We found the luggage room, went in and inside, sitting by the door, was a thin lanky looking black man with some keys in his hand. He didn’t speak but as we walked in he got up from his chair and just kept on getting up.
Jesus, he was tall.
He towered above us. He must have been at least seven feet. His arms and legs we’re so long and dangly that he reminded me of a daddy-long-leg with only four legs after the rest had been pulled off. He walked at a slow pace. I suppose he had to in case his arms and legs got tangled up together and he fell down in a huge tangled mess of limbs and body unable to move. I was pretending not to stare at him when the four girls and Pauline decided that they would unpack some of their shorts/bikinis so that they could kill the waiting time with a spot of sunbathing. The tall man was expecting us to just drop off our cases and return for them later so he was slightly put off guard when cases were being unlocked and various items of female clothing were strewn all over the floor.
He put his keys back into his pocket and went for a tall stroll.
In the meantime the girls had found a toilet and were in there changing while I sat down in the tall man’s chair and waited. Waiting was to feature quite a lot in my forthcoming two weeks. The tall man came back expecting us to be gone so he could lock up but found us all still there with the girls now putting on sun cream and me sitting in his chair. He looked around but before I could get up and offer him his tall chair back he was off again in his wibbly-wobbly walking motion for another dingly-dangly tall man’s stroll.
At last everyone was ready but we couldn’t leave the room because the tall man wasn’t there to lock up. I said I’d hang around until he turned up but this was unnecessary because as soon as the girls left the room he seemed to appear out of nowhere. I think he must have been hiding behind a fishing rod that was stacked in one corner of the room.
By the time we’d killed ninety minutes, returned to the luggage room to collect our bags and finally unpacked in our rooms, Pauline and I were both feeling tired and needed a sleep. Pauline woke late afternoon and spent a few hours by the pool – I didn’t wake. As far as I know the girls spent the whole afternoon by the pool but who knows? As I was fast asleep and having nightmares about big black flying man-eating four-legged daddy-long-legs, the girls could have been anywhere.
We decided to spend our first evening with a stroll into town. Apparently it’s only ten minutes walk away and Pauline had already got directions and a map from Alexthefirstchoicerep so off we all went. After twenty minutes or so and appearing to be the only six people walking along a major dual carriageway leading as far as the eye could see into nothingness, we decided that perhaps we weren’t actually on the way to the town after all. Cutting our losses we turned off on one of the few left turns and found ourselves walking through the grounds of a hotel complex back in the general direction of our hotel. As we passed the front of this hotel Hollie and Emily decided to go in to reception and ask for directions to Salou town.

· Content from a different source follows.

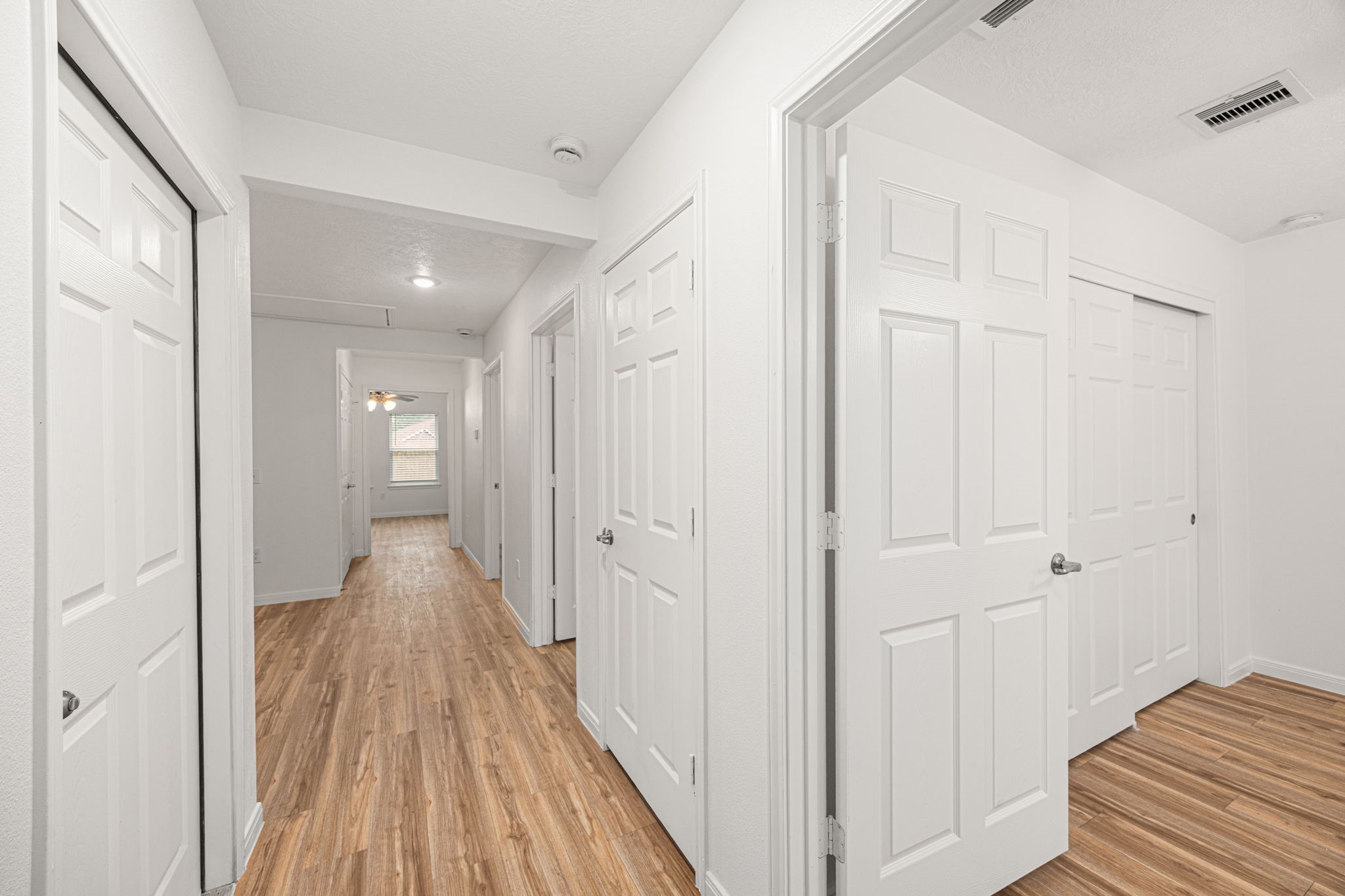 23507 Prairie Bird Drive Spring, TX 77373 - Photo 5 of 30 a view of a hallway with wooden floor
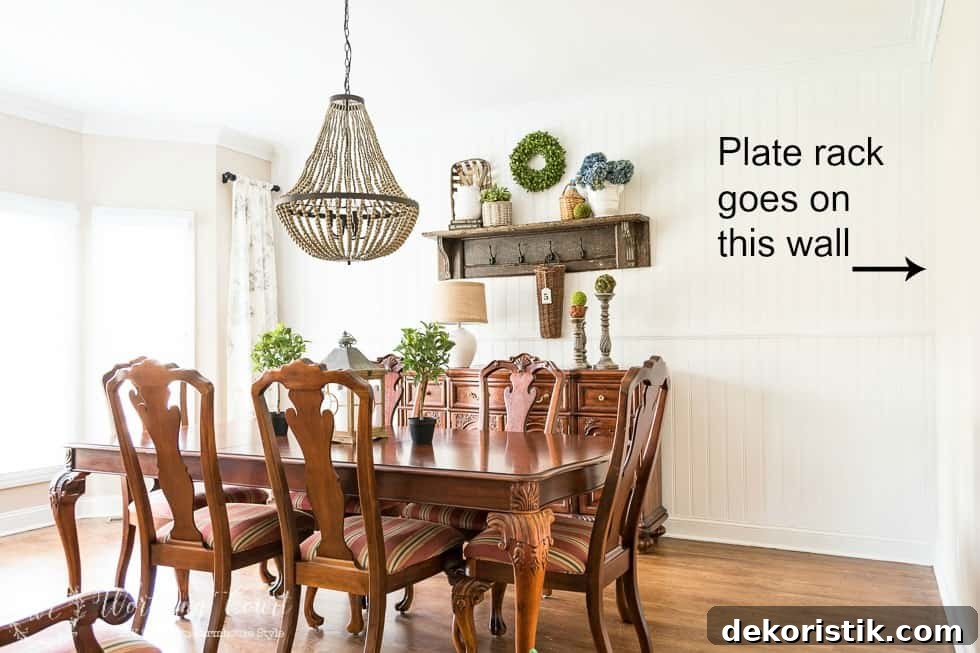 The dining room with an arrow pointing to where the plate rack will go on the wall.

We waited outside while they spent ages in there, eventually coming out and saying, “We think it’s down this way somewhere,” pointing in the general direction in which we were already going. As this was taking us back to our hotel anyway and there was no sign of any town anywhere near it we were not really any the wiser but we carried on, eventually arriving at our hotel too knackered to start walking again so left the business of going into town for another day.